Who are we really if we keep turning our backs on those who have no voice (read "money, power, position") and must suffer with what we have wrought?

Start making calls to your representatives. Write letters to your newspapers and your politicians. Make a difference in someone else's life. Start now, today. Go to your grave (hopefully in the far, far distant future) knowing that you have made a difference, that you cared, that you tried.

It may be the most important thing you do in your life and you may never see the result. That is the true meaning and blessing of giving and sharing, not the 35 cents you occasionally drop in a jar on a counter or the $250 you give to Mercy Corp - though please don't stop doing those things.

What we do for others, though it is difficult and may cost us in time, effort, and money, is more important than any kind of material or personal success we are lucky enough to find in our lifetimes.

Tuesday, August 1, 2006

The Land of Beginning Again


"I wish that there were some wonderful place

Called the Land of Beginning Again

Where all our mistakes and all our heartaches

And all of our selfish grief

Could be dropped like a shabby old coat by the door

And never be put on again." - Louise Fletcher Tarkington

Those words are excerpts from a poem I discovered in high school. Whatever was going through my head about those words then is a mystery to me now. Something entirely different than what I am thinking these days.

There have been so many people to forgive, including myself. In so many ways that has been the hardest part of all. It is an ongoing process - a few steps forward, a few steps back. A constant battle of judgment, redemption, accusation, bewilderment, and precious moments of peace.

The ability to forgive is, in my estimation, the most important lesson we can ever learn. It has the power to bring health and healing to hearts, minds, and bodies. It has the power to bring us back "to the land of beginning again." It is, however, oh so difficult to master. The words, "forgive me, I forgive you, I forgive myself" are so very easy to say, but they are only just words. They bear repeating over and over. They need reevaluation, reassertion, and the touch of a hand. They need to be repeated out loud, and silently to no one who is there.
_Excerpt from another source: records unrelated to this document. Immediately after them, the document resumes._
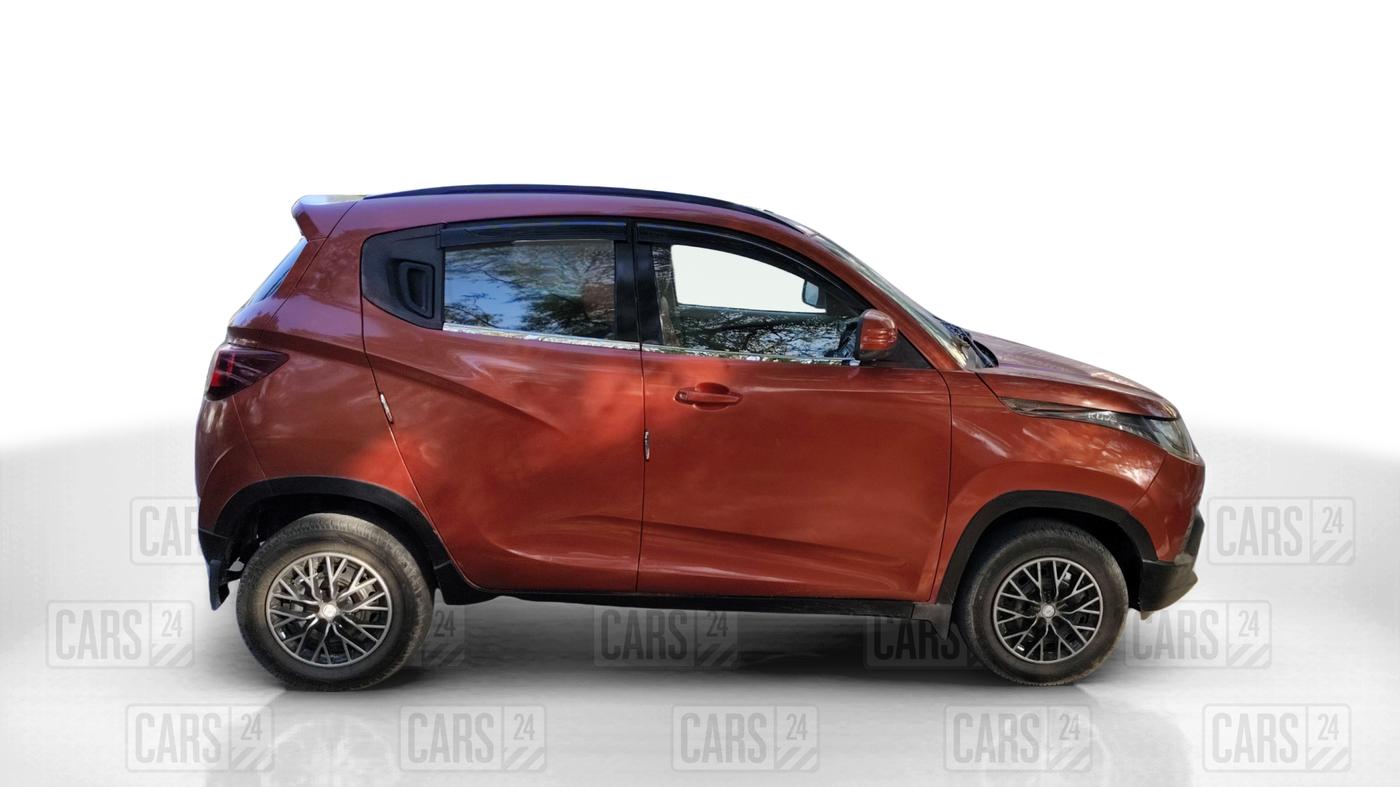 2016 Mahindra Kuv100 K4 D 6 STR, Diesel, Manual, 75,449 km, Right Side View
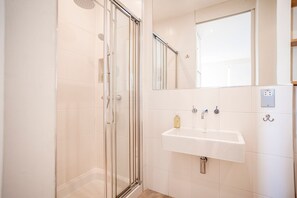 Shower, hair dryer, towels, soap - Main Street (No 56) | Lower Largo (Lower Largo)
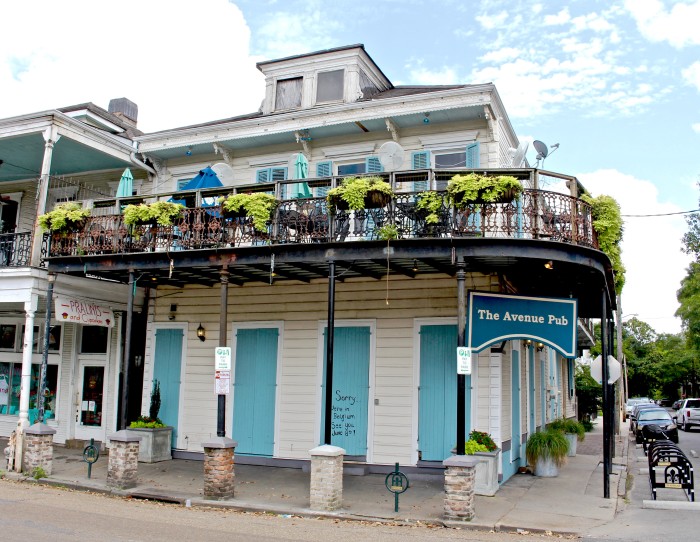 For the first time in 30 years, Avenue Pub locked its doors when proprietor Polly Watts took her staff on vacation to Belgium.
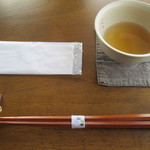 石臼挽き蕎麦香房 山の実 - まずはお茶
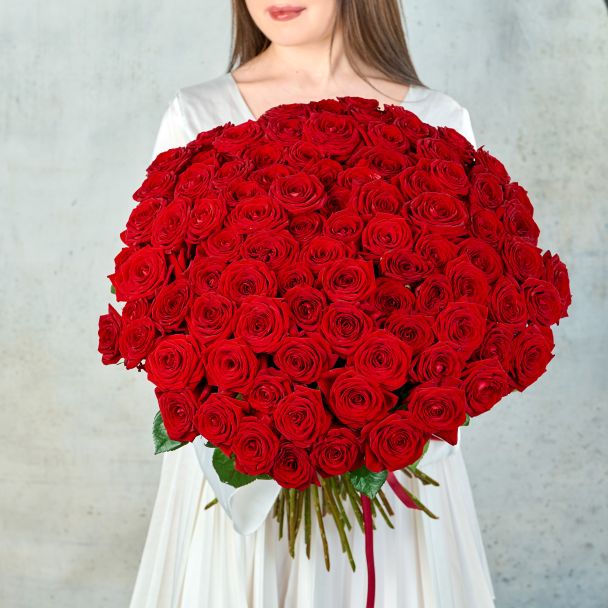 Букет из 101 красной Российской розы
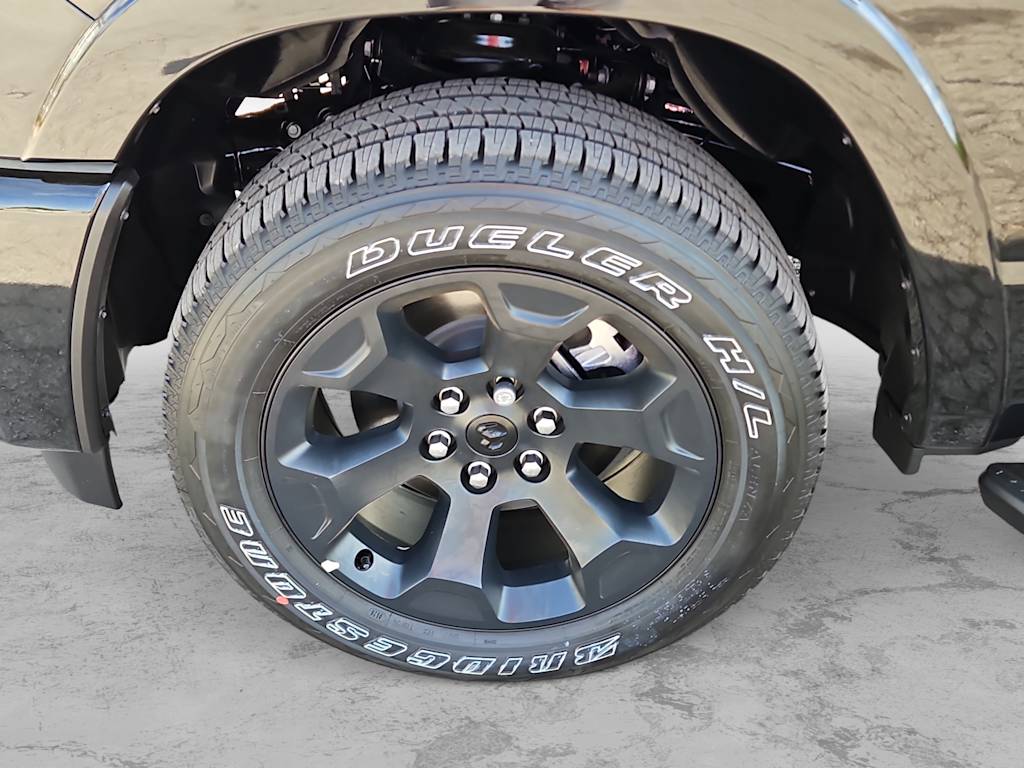 Thumbnail: 2026 RAM 1500 - 7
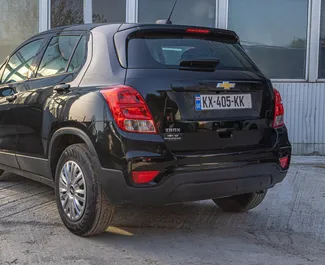 Прокат машины Chevrolet Trax №9879 (Автомат) в Тбилиси, с двигателем 1,4л. Бензин ➤ Напрямую от Джулия в Грузии.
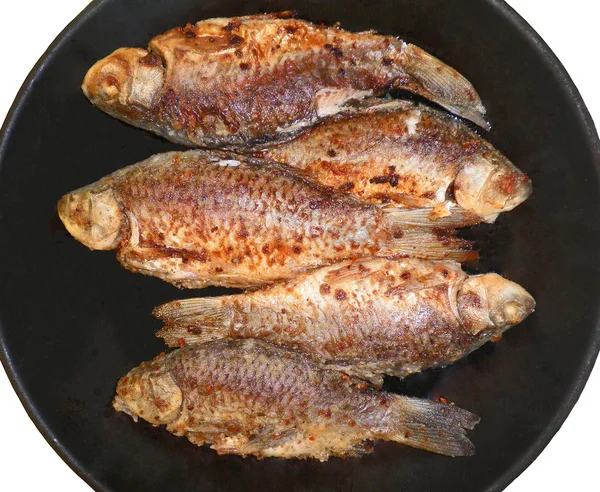 कार्प मासे एका पॅनमध्ये तळलेले आहेत — स्टॉक फोटो, इमेज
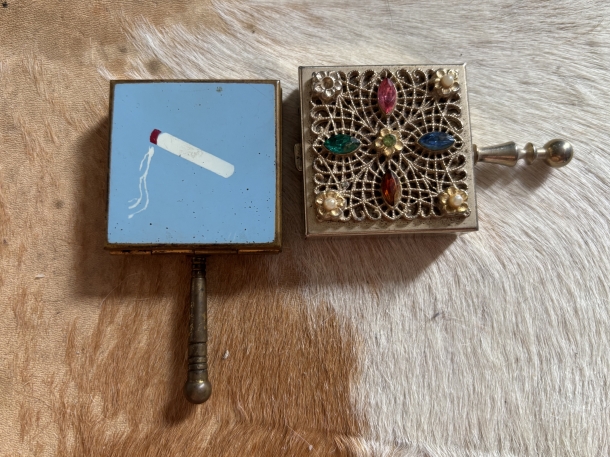 70s for one person ashtray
When an offense insinuates itself into your awareness, those words need to be used to beat it back to nothingness, for the offense is now gone in fact. It was provoked out of selfishness, confusion, ignorance, maybe even fear. There can be no explanation, there needs be no explanation other than life is what it is.

Forgiveness heals the giver and often, only the giver. It is all that is necessary, though it is a monumental task and may require a lifetime. The idea of forgiveness should always be close by. It is necessary for a peaceful death. It is necessary for a graceful old age. It is required of us before we can pass to generations the knowledge we have stored up for them. Practice it.